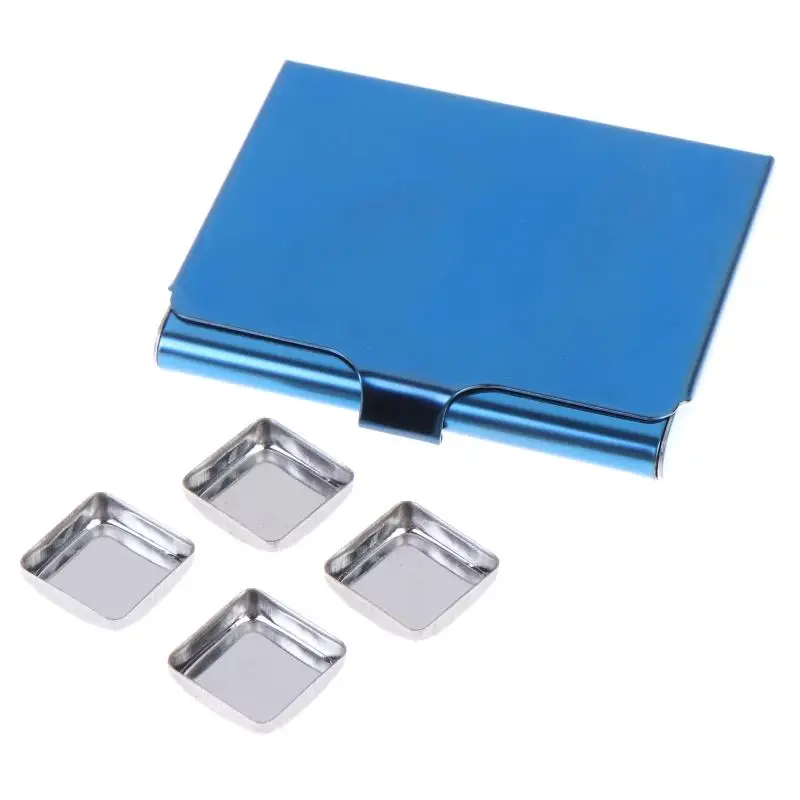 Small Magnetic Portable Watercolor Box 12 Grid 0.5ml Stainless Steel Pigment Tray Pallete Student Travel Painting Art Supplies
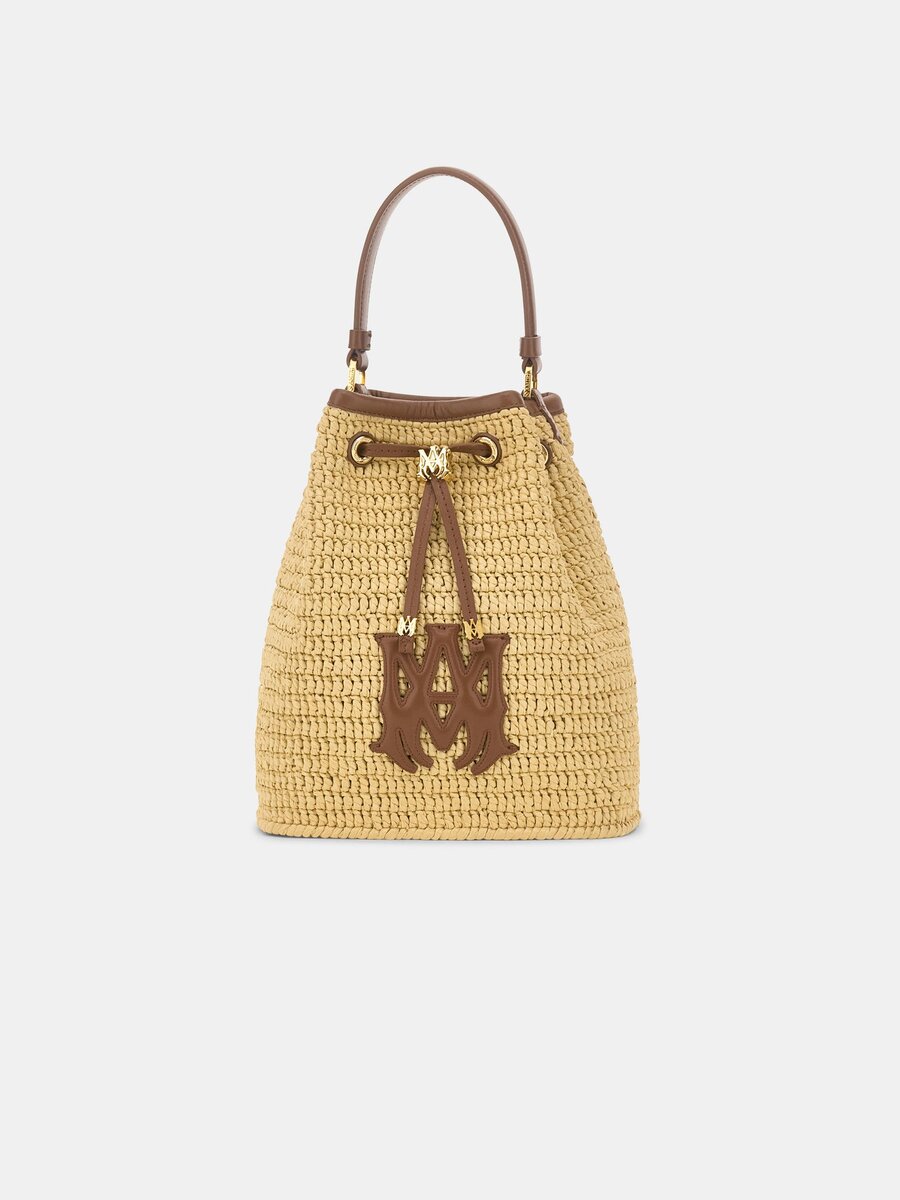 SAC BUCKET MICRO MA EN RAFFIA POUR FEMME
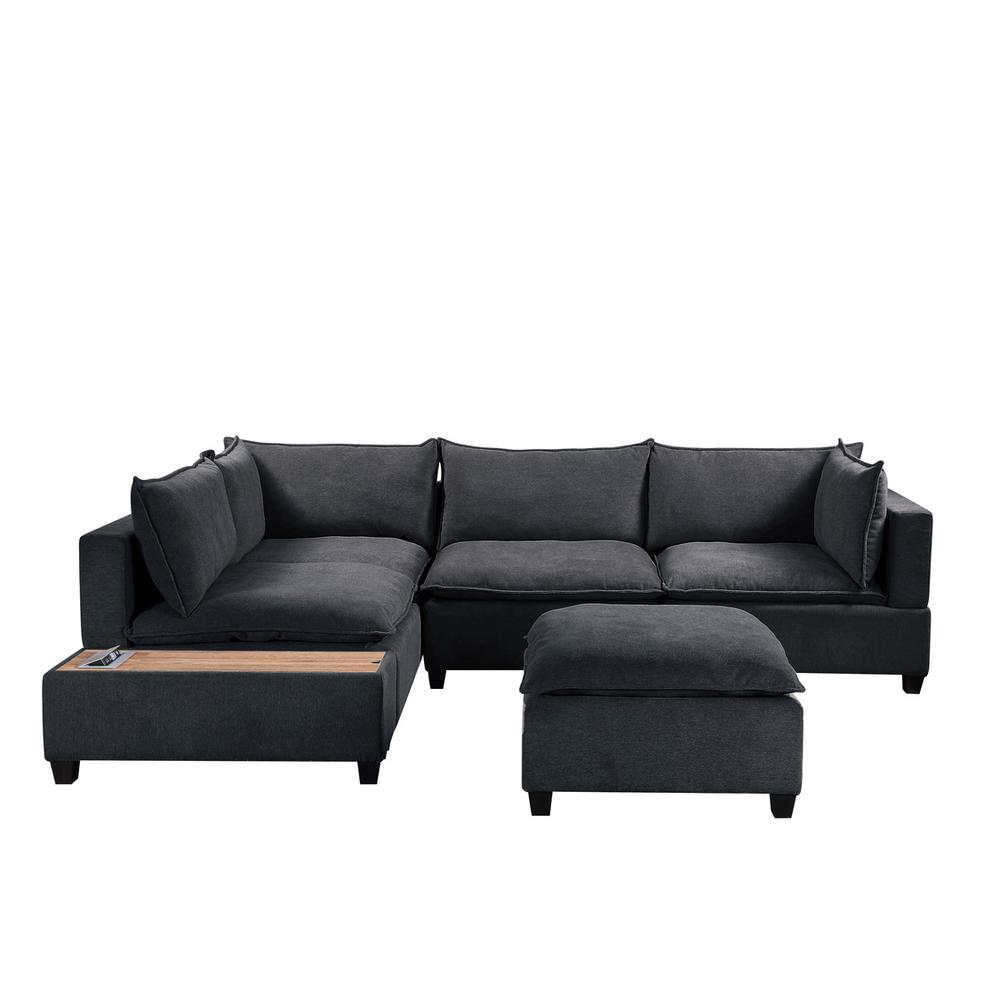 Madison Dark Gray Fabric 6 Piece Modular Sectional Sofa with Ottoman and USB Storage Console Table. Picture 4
---
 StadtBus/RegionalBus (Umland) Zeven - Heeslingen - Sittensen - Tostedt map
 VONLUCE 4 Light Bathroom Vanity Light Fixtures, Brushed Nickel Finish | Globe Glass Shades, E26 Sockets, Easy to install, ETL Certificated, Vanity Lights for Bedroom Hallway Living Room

◆ **WORK TO BE COMPLETED**:
Look above for the line containing "StadtBus/RegionalBus (Umland) Zeven" and the line containing "VONLUCE 4 Light". Transcribe both, with the lines between them, exactly.

◆ **TASK SOLUTION**:
 StadtBus/RegionalBus (Umland) Zeven - Heeslingen - Sittensen - Tostedt map
 VONLUCE 4 Light Bathroom Vanity Light Fixtures, Brushed Nickel Finish | Globe Glass Shades, E26 Sockets, Easy to install, ETL Certificated, Vanity Lights for Bedroom Hallway Living Room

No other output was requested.